Figure 9b,f shows the relationship between the positions of the braking plate and the lift force. We noticed that in a specific area, the function is shaped like a very steep mountain. The steeper the mountain, the greater the lift force. We call this area a mountain area. Lift force will deteriorate the safety of the train, so we do not recommend placing braking plates in this area. We noticed that the mountain area is in the lower left corner of the design space. This shows that when both the first and the second braking plates are arranged at the forepart of the car body, the lift force will be greatly increased. We noticed that there is a part of overlap between the mountain area of lift force and the high drag area, but the area of overlap is not large. In addition, we also found two areas with less lift force. One of them completely coincides with the low-drag area. That is, when the two braking plates are very close, the lift force is small. Another area is also near $x_1=0$. When the first braking plate is located at the end of the streamlined shape and the second braking plate is not close to the car’s head, head car’s resistance is large, and the lift force is small.
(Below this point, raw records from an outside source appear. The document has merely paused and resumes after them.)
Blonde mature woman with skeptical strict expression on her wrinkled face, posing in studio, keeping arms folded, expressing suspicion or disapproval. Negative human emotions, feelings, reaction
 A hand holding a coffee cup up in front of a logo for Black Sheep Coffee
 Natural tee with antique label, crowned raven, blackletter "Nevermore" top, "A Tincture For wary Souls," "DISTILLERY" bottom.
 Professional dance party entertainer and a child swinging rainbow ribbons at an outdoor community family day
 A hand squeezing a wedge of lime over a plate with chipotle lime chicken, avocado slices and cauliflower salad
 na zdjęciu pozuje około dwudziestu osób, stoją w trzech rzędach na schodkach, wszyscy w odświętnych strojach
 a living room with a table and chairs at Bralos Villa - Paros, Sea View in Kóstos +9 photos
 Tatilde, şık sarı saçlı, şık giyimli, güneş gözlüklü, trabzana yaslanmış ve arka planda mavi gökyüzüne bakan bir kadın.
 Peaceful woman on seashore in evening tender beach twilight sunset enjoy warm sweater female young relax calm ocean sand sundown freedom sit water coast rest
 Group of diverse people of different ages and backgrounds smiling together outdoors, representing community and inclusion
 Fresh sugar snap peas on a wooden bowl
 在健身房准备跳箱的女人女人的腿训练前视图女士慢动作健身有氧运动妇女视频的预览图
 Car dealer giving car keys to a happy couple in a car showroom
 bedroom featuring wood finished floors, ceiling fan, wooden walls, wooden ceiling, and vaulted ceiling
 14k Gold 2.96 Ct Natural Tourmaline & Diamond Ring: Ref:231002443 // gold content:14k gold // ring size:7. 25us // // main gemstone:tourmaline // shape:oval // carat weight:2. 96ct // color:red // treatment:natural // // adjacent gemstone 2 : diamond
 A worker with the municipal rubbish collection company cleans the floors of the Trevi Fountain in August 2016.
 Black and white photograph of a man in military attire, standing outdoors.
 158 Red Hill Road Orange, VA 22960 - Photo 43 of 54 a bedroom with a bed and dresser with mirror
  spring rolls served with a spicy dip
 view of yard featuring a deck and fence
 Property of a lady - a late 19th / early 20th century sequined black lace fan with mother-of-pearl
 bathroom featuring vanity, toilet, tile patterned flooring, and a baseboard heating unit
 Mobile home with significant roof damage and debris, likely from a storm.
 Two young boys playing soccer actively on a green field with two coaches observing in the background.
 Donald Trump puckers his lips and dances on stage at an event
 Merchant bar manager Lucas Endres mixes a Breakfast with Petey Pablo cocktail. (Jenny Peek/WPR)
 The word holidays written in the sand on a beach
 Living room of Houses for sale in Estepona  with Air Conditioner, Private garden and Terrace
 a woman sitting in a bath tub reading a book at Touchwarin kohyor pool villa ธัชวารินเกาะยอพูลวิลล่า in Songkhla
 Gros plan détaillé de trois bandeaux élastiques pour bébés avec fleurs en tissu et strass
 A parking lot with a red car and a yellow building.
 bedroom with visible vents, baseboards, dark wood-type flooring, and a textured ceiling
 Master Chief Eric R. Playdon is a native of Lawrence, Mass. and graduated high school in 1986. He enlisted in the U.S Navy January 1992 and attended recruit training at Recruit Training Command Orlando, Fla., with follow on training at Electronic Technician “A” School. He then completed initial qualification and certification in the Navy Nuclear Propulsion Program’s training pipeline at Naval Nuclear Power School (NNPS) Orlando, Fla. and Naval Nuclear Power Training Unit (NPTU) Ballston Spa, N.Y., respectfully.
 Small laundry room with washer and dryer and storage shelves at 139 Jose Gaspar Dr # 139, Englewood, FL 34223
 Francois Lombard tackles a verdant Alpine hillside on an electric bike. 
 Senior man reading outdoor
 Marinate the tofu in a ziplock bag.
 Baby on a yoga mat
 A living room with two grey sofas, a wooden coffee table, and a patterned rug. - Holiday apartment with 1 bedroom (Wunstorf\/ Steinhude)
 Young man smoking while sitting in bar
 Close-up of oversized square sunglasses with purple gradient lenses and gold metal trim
Figure 9c,g shows the relationship between the positions of the braking plate and the side force. The function is shaped like a basin. The contour line of the bottom of the basin is relatively sparse, indicating that the bottom is flat. The high value area of side force is basically distributed at the top of the design space, that is, when the position of the second plate is located at the rear of the vehicle body, it is possible to increase the side force. Excessive side force will also affect the safety of the train. From this, we can get a series of engineering conclusions: Firstly, the two braking plates cannot be arranged very close together. Although the closer distance can reduce the lift increase, it will also suppress the drag force increase. Secondly, when the first braking plate is placed at the end of the streamlined shape, the head car can obtain greater drag force. However, the two braking plates cannot be near the car’s head all at once, otherwise the lift force will be increased a lot. Thirdly, the second braking plate cannot be placed at the rear of the car body, otherwise head car’s side force may be increased. Under crosswind, the best arrangement is that the first plate is arranged at the end of the streamlined shape, and the second plate is arranged at the middle of the car body.

4.2. Comparison in Aerodynamic Characteristics

In combination with the conclusion of Section 4.1, we selected the head car with the braking plate position $\left(x_1{,x}_2\right)=(0,1.5)\mathrm{m}$ to compare with the head car without braking plates, as shown in

Table 5. Aerodynamic coefficients of the two models.

Item	Cd	Cl	Cs
Without braking plates	0.231	0.805	1.346
With braking plates	0.429	0.866	1.267

. The drag force increased by 85.7%, the lift force increased by only 7.6%, and the side force decreased by 5.9%. We made the slice and loops as shown in Figure 10 to analyze the differences between the two models. The slice is located at the symmetry axis of the train. The comparison result is shown in Figure 11.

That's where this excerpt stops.